Regular expressions are created using the regular expression language, a specialized language designed to:

  • extract phone numbers
  • to locate all files with digits in the start, middle or end of their names
  • to find all repeated words in a block of text
  • to replace all URLs in a page with actual HTML links to those same URLs
  • and much more

Like any language, regular expressions have a special syntax and instructions that you must learn.

So what does this have to do with MySQL? As already explained, all regular expressions do is match text, comparing a pattern (the regular expression) with a string of text. MySQL provides rudimentary support for regular expressions with WHERE clauses, allowing you to specify regular expressions that are used to filter data retrieved using SELECT.

This will all become much clearer with some examples.

Basic Character Matching

We'll start with a very simple example. The following statement retrieves all rows where column prod_name contains the text 1000:

SELECT prod_name
FROM products
WHERE prod_name REGEXP '1000'
ORDER BY prod_name;

The above statement displayed the following output:

+--------------+
| prod_name    |
+--------------+
| product 1000 |
+--------------+

This statement looks much like the ones that used LIKE except that the keyword LIKE has been replaced with REGEXP. This tells MySQL that what follows is to be treated as a regular expression (one that just matches the literal text 1000).

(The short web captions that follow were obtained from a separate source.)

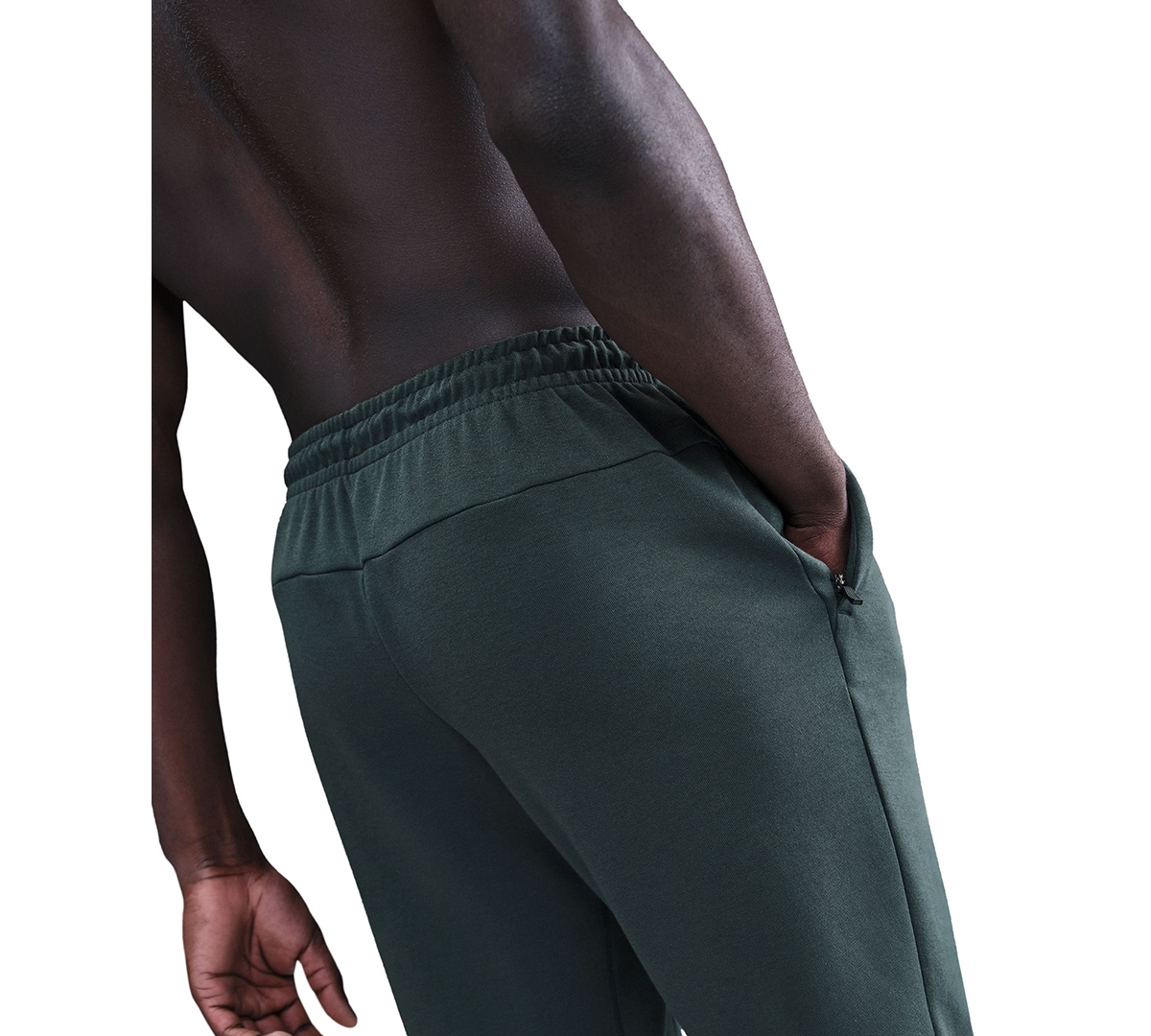Nike Men's Primary Dri-fit Uv Versatile Joggers In Green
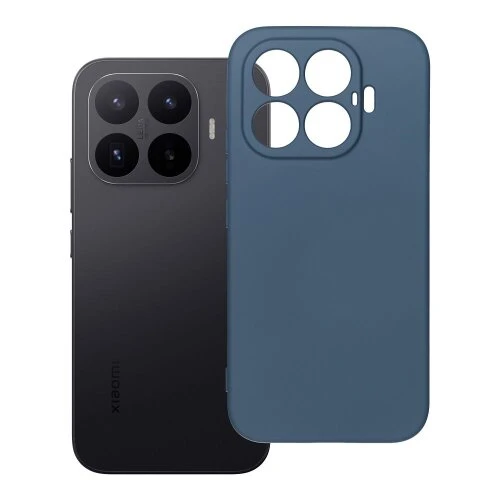 Puzdro Liquid Lite TPU Xiaomi 17T - modré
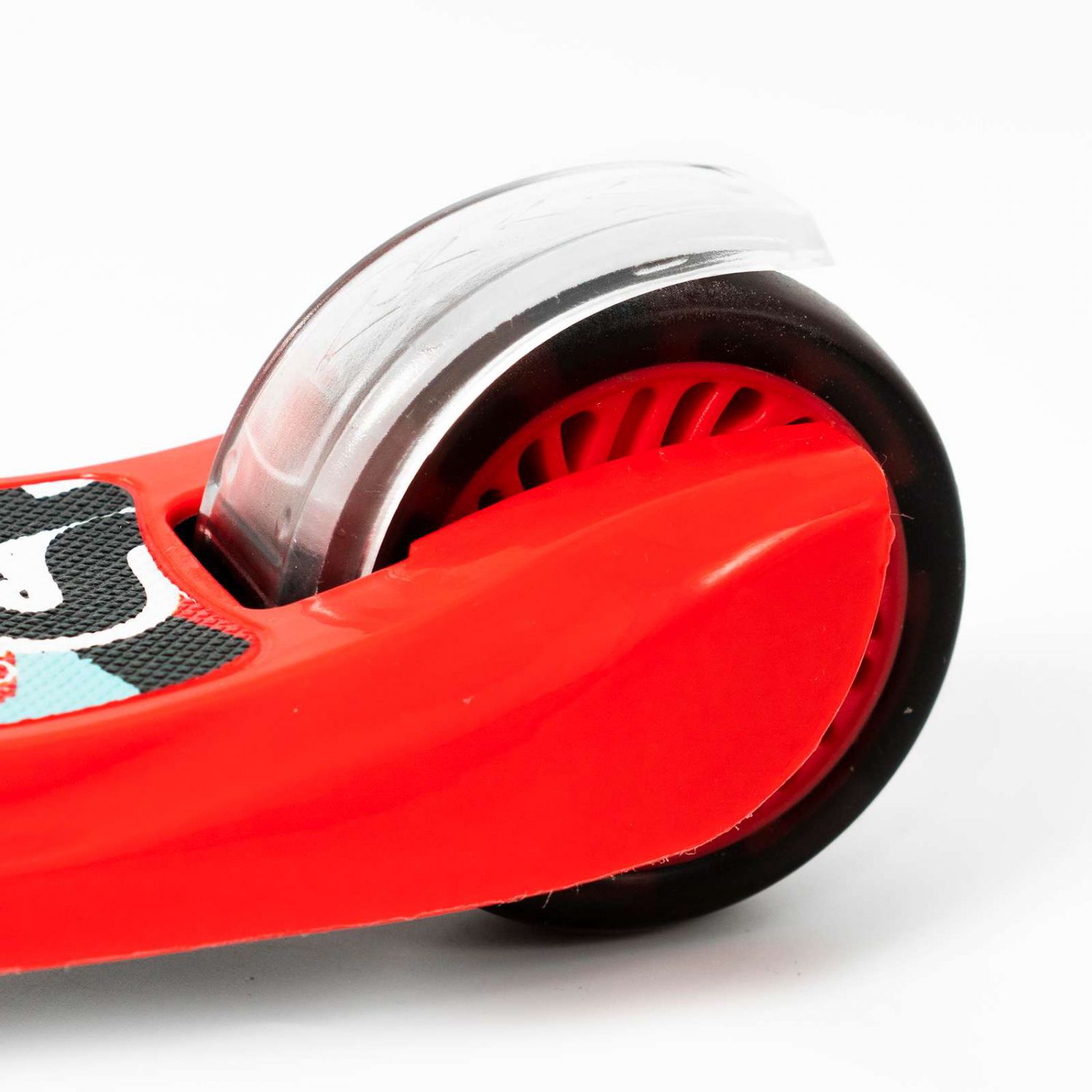 bánh sau scooter centosy MHBC 026 màu đỏ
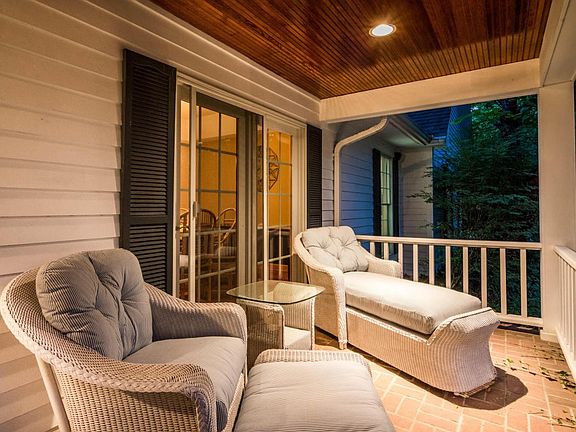 Relax on Your Huge Front Porch
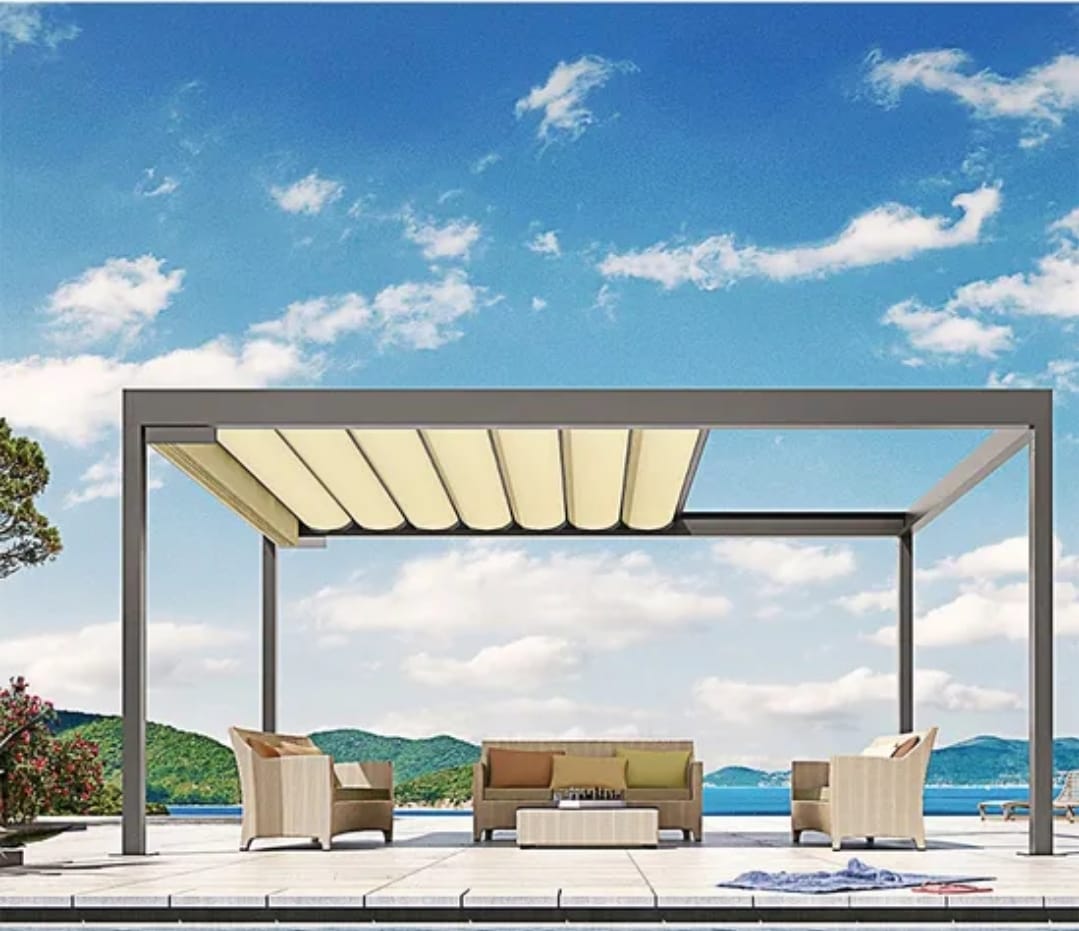 Retractable Commercial Awning - Image 7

So, why bother using a regular expression? Well, in the example just used, regular expressions really add no value (and probably hurt performance), but consider this next example:

SELECT prod_name
FROM products
WHERE prod_name REGEXP '.000'
ORDER BY prod_name;

The above statement displayed the following output:

+--------------+
| prod_name    |
+--------------+
| product 1000 |
| product 2000 |
+--------------+

Here the regular expression .000 was used. . is a special character in the regular expression language. It means match any single character, and so both 1000 and 2000 matched and were returned.

Of course, this particular example could also have been accomplished using LIKE and wildcards.